Last time on the blog I shared what to do when divorcing an alcoholic. One of the most important things to do in divorce is keeping yourself safe and well, and this is even more important when your soon-to-be-ex is an alcoholic. But what does that actually look like? Here are my top 5 ways to look after yourself when divorcing an alcoholic.
1. Remember who you are responsible for
One of the most painful feelings my clients report when their soon-to-be-ex is an alcoholic is guilt. They feel guilty for stepping away. And this is totally understandable. Alcoholism is an illness, and it has damaged a person you loved, and maybe still love. But the only person you can ever be responsible for in life is yourself, and any children. There is no way you can ‘fix’ your spouse. And it’s likely that many of the ways you have tried to support your spouse have actually served to enable their drinking. I don’t say this to shame you, simply as a reminder that it is healthy and necessary to, in the words of poet Mary Oliver, ‘save the only life you could save’.

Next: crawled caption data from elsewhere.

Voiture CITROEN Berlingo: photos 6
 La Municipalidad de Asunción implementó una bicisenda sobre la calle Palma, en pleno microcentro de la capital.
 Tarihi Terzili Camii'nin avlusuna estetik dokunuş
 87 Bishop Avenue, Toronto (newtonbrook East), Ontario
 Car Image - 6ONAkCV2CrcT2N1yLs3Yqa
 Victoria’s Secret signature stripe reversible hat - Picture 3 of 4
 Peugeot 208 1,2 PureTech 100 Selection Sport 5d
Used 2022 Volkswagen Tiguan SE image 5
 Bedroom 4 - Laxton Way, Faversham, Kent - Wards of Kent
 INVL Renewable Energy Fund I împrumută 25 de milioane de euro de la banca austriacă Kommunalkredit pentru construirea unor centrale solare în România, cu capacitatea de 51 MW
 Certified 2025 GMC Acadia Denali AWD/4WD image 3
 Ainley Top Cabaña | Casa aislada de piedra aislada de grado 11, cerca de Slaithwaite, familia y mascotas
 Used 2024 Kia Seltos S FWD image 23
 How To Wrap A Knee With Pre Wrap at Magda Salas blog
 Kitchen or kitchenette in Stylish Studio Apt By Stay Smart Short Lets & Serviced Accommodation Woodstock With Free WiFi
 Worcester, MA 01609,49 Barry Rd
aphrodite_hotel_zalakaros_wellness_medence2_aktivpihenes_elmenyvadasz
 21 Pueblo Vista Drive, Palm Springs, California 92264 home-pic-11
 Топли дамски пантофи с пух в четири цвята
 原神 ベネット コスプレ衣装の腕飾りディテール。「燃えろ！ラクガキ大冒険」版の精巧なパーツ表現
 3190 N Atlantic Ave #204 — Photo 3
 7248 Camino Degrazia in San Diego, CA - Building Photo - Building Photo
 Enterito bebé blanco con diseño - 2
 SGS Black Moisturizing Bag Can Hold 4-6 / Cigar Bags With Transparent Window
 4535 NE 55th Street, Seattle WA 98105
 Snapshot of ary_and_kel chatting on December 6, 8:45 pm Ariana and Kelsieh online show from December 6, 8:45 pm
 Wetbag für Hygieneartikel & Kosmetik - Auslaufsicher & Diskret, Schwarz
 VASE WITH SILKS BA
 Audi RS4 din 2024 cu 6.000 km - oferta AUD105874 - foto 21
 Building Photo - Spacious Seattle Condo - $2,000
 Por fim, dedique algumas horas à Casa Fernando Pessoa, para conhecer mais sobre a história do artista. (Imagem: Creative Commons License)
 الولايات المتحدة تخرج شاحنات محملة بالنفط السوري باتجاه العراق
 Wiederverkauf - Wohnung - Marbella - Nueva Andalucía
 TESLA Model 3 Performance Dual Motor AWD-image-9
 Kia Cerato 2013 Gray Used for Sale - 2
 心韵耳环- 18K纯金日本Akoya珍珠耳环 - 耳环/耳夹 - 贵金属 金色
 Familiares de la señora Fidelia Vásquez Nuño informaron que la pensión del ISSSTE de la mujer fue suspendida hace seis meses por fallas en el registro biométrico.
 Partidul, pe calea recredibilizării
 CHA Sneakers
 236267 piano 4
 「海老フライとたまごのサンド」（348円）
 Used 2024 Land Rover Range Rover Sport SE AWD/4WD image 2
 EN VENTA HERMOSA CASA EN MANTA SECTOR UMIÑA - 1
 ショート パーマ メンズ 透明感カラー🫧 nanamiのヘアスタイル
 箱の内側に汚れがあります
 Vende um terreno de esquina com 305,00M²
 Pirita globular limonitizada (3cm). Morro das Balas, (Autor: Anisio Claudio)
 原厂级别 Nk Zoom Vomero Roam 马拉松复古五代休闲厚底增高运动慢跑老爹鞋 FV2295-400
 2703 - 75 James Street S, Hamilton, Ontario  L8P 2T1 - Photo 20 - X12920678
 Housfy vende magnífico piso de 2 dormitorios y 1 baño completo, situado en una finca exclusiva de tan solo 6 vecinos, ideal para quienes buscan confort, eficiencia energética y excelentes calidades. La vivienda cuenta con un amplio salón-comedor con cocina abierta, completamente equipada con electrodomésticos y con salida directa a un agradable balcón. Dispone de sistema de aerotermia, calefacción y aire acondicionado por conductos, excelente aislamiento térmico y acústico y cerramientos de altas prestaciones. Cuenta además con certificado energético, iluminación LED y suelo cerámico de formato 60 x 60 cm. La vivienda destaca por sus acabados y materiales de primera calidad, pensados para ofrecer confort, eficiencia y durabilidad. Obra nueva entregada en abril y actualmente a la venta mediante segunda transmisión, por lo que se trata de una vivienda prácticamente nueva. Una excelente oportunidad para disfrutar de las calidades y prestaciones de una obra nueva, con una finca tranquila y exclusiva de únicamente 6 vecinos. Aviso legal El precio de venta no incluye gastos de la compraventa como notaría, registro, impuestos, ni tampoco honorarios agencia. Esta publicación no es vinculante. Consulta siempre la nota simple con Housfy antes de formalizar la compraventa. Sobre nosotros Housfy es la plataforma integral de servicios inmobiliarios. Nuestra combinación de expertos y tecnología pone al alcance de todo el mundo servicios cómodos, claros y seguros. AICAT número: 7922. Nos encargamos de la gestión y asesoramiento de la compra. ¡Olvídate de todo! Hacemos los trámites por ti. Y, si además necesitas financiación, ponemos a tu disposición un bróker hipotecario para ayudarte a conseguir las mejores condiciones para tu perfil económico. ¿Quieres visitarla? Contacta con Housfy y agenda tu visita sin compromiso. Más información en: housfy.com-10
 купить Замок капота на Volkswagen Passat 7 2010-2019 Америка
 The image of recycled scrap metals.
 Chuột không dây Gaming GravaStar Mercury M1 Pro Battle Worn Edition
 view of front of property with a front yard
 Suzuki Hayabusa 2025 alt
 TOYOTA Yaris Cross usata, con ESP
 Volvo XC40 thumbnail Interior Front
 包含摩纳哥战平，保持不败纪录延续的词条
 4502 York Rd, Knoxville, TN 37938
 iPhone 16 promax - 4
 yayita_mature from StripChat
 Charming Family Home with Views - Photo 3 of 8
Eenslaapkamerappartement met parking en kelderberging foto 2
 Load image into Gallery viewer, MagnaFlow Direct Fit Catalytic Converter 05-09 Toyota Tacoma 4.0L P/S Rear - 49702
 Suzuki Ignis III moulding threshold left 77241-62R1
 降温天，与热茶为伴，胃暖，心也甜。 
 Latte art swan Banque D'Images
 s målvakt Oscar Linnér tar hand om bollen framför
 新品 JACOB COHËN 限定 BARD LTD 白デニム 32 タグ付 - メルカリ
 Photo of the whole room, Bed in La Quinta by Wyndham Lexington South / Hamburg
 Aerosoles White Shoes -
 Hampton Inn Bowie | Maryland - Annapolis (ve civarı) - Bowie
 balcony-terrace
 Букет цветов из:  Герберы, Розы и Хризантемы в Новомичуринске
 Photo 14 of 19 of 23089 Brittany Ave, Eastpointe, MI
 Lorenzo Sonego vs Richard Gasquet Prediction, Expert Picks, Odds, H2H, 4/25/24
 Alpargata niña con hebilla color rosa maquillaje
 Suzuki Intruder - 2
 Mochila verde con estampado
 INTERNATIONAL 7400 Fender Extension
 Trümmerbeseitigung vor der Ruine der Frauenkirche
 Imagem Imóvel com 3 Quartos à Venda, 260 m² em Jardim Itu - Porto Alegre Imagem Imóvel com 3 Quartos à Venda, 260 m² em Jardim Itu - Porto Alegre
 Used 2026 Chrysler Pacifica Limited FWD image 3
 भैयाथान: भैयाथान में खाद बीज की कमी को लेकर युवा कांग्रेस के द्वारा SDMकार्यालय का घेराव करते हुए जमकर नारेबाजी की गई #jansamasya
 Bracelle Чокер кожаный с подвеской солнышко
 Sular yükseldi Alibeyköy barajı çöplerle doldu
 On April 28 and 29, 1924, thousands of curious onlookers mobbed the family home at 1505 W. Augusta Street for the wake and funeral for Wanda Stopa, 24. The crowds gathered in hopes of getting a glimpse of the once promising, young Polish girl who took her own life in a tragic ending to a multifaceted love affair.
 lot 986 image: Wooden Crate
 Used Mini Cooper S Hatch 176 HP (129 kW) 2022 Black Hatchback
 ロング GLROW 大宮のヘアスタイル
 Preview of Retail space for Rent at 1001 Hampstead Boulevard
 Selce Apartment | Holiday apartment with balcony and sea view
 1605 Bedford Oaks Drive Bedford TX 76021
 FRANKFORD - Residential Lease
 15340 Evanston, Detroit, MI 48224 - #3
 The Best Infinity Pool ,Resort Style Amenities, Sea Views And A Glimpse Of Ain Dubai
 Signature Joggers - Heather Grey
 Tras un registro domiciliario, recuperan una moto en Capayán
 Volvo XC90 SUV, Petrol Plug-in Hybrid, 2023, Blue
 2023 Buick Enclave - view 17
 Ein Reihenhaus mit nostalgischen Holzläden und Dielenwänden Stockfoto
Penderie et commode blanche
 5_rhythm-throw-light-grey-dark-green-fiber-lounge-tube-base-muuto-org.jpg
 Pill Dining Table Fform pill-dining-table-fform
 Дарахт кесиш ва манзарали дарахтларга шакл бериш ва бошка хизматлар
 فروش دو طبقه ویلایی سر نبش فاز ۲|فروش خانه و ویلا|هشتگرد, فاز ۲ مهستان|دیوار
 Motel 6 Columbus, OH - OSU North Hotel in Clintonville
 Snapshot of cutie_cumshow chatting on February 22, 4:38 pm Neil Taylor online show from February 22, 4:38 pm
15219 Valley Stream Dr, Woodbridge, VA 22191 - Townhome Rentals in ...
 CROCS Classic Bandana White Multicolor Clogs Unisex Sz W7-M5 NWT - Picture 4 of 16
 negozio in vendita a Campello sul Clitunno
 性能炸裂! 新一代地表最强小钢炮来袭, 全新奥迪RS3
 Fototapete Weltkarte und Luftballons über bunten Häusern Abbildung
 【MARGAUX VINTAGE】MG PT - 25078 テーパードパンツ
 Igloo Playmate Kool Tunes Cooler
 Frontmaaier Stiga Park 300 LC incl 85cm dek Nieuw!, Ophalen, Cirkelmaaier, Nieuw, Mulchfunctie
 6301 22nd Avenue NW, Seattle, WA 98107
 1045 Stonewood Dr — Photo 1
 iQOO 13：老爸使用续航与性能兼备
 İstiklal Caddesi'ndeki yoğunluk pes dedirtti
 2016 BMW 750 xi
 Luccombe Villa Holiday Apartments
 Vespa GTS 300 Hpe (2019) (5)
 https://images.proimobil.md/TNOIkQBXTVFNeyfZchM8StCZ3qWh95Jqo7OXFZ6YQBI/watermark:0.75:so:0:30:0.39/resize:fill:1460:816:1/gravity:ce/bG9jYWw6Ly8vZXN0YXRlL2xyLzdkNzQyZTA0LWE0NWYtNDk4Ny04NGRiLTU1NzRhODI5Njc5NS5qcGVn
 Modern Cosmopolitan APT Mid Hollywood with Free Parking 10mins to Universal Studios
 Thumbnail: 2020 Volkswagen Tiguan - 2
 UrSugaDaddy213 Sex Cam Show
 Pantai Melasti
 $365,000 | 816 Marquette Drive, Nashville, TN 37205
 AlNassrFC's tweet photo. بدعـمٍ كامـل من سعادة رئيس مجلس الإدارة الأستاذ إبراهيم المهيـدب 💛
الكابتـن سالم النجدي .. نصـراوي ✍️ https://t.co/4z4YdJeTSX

2. Seek support from people who understand
Divorce is lonely, and divorcing an alcoholic is even lonelier. People will have their opinions and their advice. You aren’t obliged to listen to everyone and graciously accept and act on every piece of advice you receive. Now is the time to define your inner circle. That might include trusted friends. I recommend it includes the members of a local Al Anon group. If you find yourself going over and over memories, disturbing thoughts or scenarios in your head, I also recommend working with a therapist who is familiar with supporting people who’ve been the victims of addiction. If you join The Absolute Acedemy you’ll find camaraderie, understanding and support from me and the other women in there.
My experience of supporting women who are divorcing addicts is that they need ongoing support to put themselves and their children above the needs of their partner. It’s all too easy to slip into old patterns. So whatever support you put in place, keep going with it.
3. Take care of the basics
You will most probably have run yourself into the ground trying to care for your alcoholic spouse. Now is the time to care for yourself. Keep it really simple to begin with. Think of yourself as a pet dog. Are you getting enough food and water? Do you have a comfortable place to sleep? Are you able to take a walk or get some exercise everyday?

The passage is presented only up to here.